Des acteurs comme Yellow Card, présent dans vingt pays africains, confirment cette tendance : « Aujourd’hui, les stablecoins représentent 99 % de notre activité », souligne la plateforme. D’autres comme Chipper Cash utilisent l’USDC ou la technologie Ripple pour accélérer les paiements transfrontaliers. Ces solutions réduisent les frais et rendent l’usage des stablecoins quasi invisible pour l’utilisateur final.

Des cadres réglementaires en constante évolution
Si l’adoption progresse, le cadre juridique reste mouvant. Au Nigéria, la Banque centrale a levé son interdiction bancaire en 2023 avant de resserrer l’étau en 2024 sur les plateformes P2P et Binance.

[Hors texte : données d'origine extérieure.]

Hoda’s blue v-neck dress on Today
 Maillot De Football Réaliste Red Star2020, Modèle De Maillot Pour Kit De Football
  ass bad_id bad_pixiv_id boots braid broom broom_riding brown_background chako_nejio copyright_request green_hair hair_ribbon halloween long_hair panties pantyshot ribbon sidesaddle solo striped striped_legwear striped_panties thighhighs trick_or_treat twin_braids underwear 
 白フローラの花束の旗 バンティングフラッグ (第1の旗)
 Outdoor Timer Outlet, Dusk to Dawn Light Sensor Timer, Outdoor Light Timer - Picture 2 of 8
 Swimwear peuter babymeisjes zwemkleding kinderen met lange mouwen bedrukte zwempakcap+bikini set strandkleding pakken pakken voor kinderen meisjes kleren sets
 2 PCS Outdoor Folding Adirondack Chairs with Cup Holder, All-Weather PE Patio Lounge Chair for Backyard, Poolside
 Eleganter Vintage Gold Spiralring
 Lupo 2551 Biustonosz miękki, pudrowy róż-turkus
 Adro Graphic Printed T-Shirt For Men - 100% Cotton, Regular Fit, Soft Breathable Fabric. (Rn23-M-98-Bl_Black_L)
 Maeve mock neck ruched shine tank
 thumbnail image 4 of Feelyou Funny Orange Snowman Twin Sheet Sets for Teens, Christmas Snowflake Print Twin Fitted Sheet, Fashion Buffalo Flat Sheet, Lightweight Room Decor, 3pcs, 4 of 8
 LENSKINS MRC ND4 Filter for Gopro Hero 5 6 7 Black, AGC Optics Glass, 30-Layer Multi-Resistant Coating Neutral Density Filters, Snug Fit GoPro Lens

Depuis janvier 2025, la loi ISA impose de nouvelles obligations d’enregistrement et de transparence. « Le Nigéria est ouvert au commerce des stablecoins, mais à des conditions qui protègent nos marchés », déclarait Emomotimi Agama, directeur général de la SEC, lors du Sommet de Lagos.
Au Kenya, après l’introduction d’une taxe de 3 % sur les actifs numériques en 2023, la réforme fiscale de 2025 a remplacé cette mesure par un droit d’accise de 10 % sur les frais facturés par les VASP, tout en renforçant la TVA et les obligations déclaratives.
Les stablecoins offrent aux Africains un moyen concret de se prémunir contre l’inflation et de fluidifier les transferts de fonds. Mais leur dépendance au dollar et les incertitudes réglementaires soulèvent des inquiétudes. Entre opportunité économique et risque de dollarisation, l’avenir de ces actifs dépendra de l’équilibre entre innovation et contrôle.